In its “Law Enforcement Disclosure Report”, Vodafone describes how it complies with the requirements of various governments “which require us to disclose information about our customers to law enforcement agencies or other government authorities, or to block or restrict access to certain services”.
“Our customers have a right to privacy which is enshrined in international human rights law and standards and enacted through national laws. Respecting that right is one of our highest priorities: it is integral to the Vodafone Code of Conduct which everyone who works for us has to follow at all times,” said Vodafone.
The report states that “refusal to comply with a country’s laws is not an option”, and says that Vodafone’s licence to operate would be put at risk, as well as potential sanctions against employees, in a territory where the company did not comply.
Ireland is included in the disclosure report, which quotes Postal and Telecommunications Acts from 1983, 1999 and 2009, as well as the Communications Act of 2011, as the legal frameworks by which the Irish Government can make requests for information and intercepts.
Vodafone said that it has complied with 4,124 request for “Communications Data”, but under the heading of “Lawful Interceptions”, the report says that “Whilst local laws do not expressly prohibit disclosure, we asked the authorities for guidance and have been informed that we cannot disclose this information”.
This is a first for telecommunications companies, and shows the pressure that the sector is experiencing ever since the revelations of the US National Security Agency (NSA) surveillance programmes by Edward Snowden last year.
Despite European legislation on rights to privacy, it seems many individual governments go far beyond these strictures in gathering information on citizenry.
Vodafone said that its reasons for compiling and publishing the report was to explain the principles, policies and processes that were being followed when responding to demands from agencies and authorities which it is required to assist with law enforcement and intelligence-gathering activities, but also to explain the nature of the legal powers invoked by agencies and authorities in countries where it operates.
The report goes on to say that Vodafone wanted to disclose the aggregate number of demands received over the last year in each country of operation “unless prohibited from doing so or unless a government or other public body already discloses such information”.
“Compiling this report has been a very complex and challenging endeavour,” said Vodafone. “Given the sensitivity of any discussion of agency or authority activity in certain countries, it has also not been without risk.
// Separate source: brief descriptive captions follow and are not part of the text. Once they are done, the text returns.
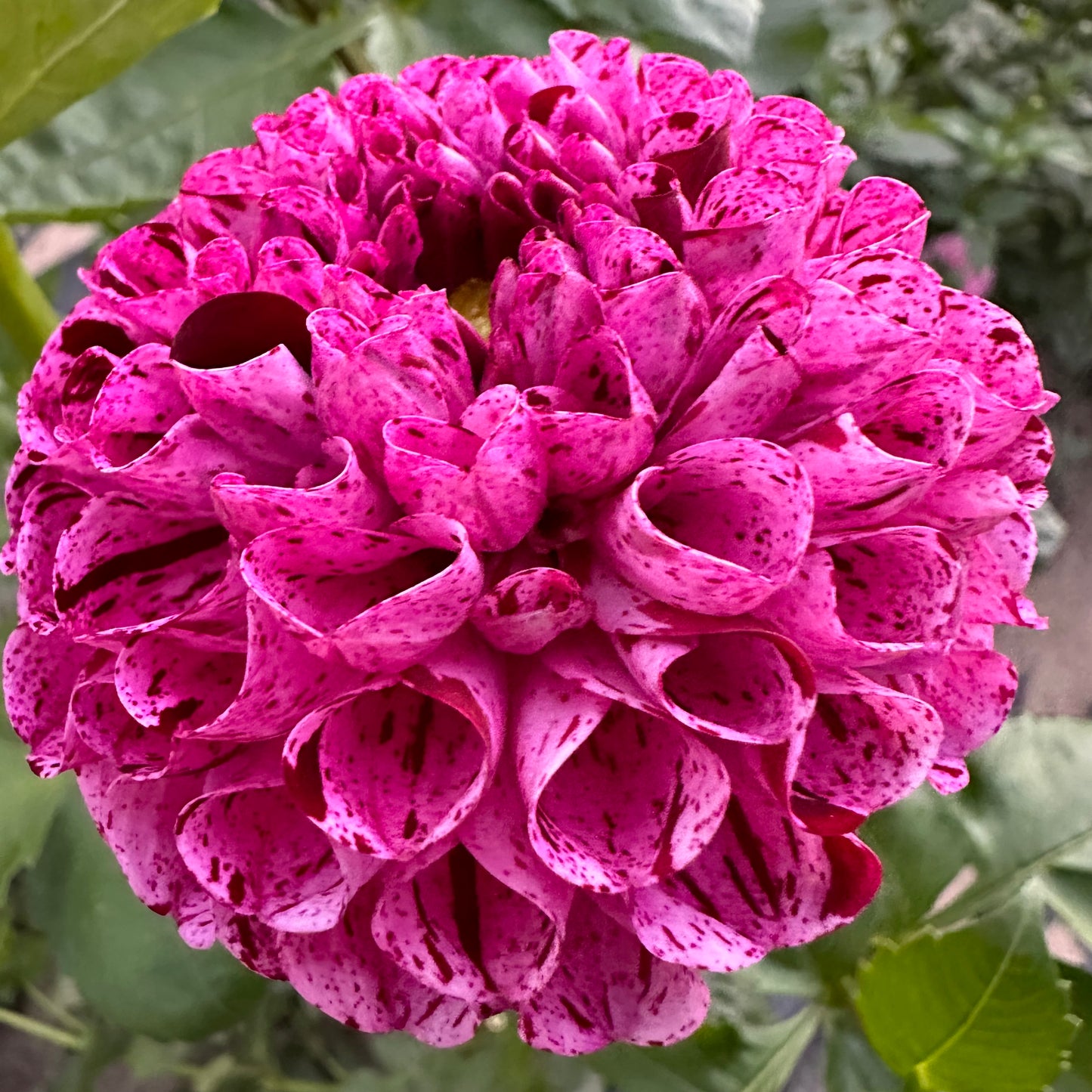 Zoomed-in view of Snoho Les, a variegated ball dahlia with purple/red petals. 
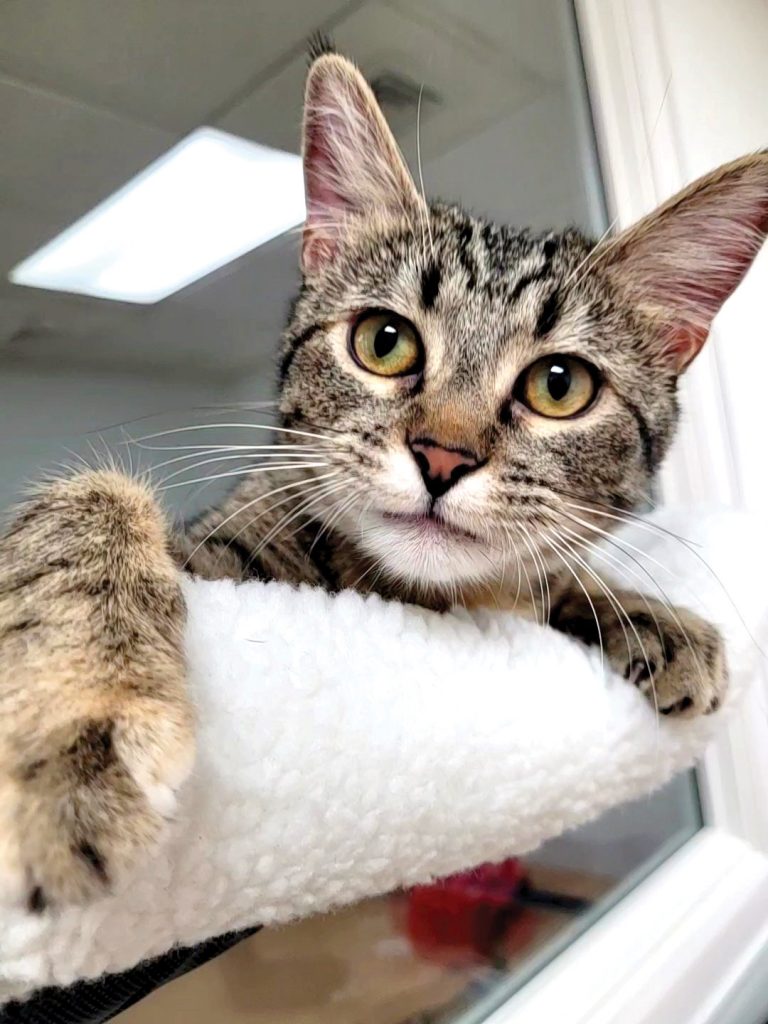 Elsa, the cat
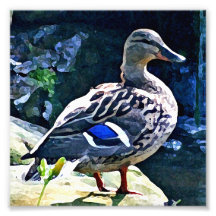 Female Duck Keeping an Eye on You Photo Art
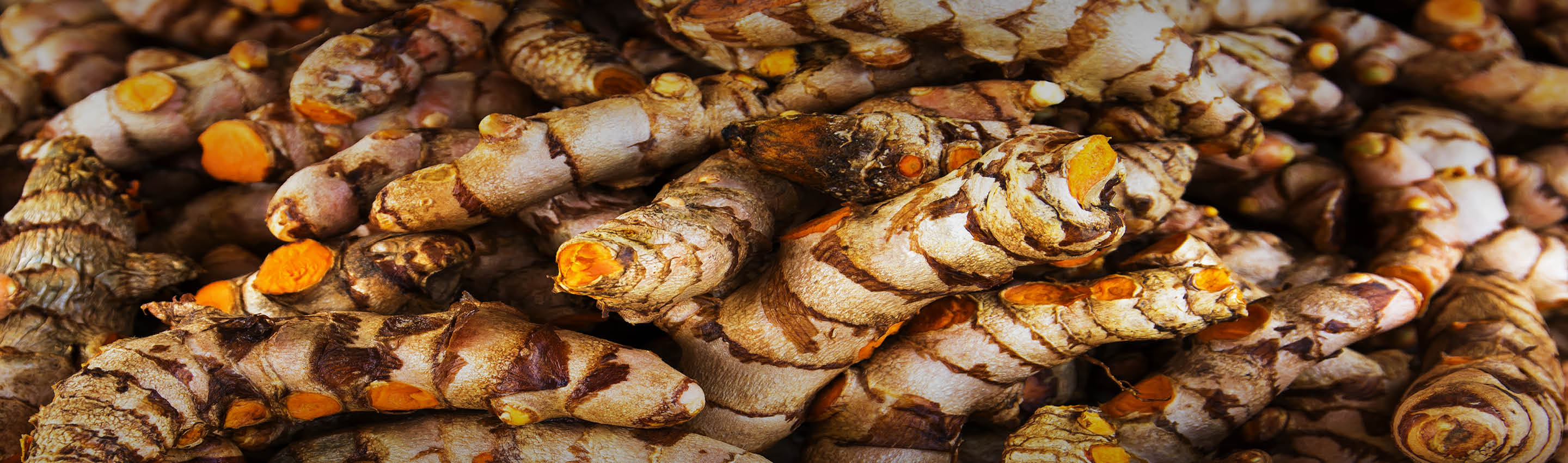 Kurkuma FAQ – EDEL KRAUT Frische Kurkuma-Wurzel als Rohstoff – Grundlage vieler Fragen im FAQ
We set out to create a single disclosure report covering 29 countries on a coherent basis.”
The report is critical of EU member states which, despite overarching legislation, show little consistency or coherence in laws and practices.
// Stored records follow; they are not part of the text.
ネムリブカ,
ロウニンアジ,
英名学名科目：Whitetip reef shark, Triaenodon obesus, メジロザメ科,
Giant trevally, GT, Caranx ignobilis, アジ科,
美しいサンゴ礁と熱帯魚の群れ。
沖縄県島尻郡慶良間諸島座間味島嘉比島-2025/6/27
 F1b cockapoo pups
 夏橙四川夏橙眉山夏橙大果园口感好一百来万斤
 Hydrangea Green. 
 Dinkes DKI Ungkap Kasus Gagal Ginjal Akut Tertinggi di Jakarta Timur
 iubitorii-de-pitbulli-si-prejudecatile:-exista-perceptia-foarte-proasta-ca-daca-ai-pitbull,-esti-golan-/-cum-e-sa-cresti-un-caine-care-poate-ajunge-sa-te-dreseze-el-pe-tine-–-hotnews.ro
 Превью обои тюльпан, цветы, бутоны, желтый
“After months of detailed analysis, it has become clear that there is, in fact, very little coherence and consistency in law and agency and authority practice, even between neighbouring EU Member States,” says the report.
“There are also highly divergent views between governments on the most appropriate response to public demands for greater transparency, and public attitudes in response to government surveillance allegations can also vary greatly from one country to another.”
The tone of the report is very much one of frustration. It betrays an industry at odds with government demands one the one hand, and duty to customers on the other, with ethical statements of service and policy caught in the middle.
With this frank and critical report, Vodafone has to a certain extent, indemnified itself from consumer criticism while at the same time fuelling the debate around government eavesdropping on ordinary citizens.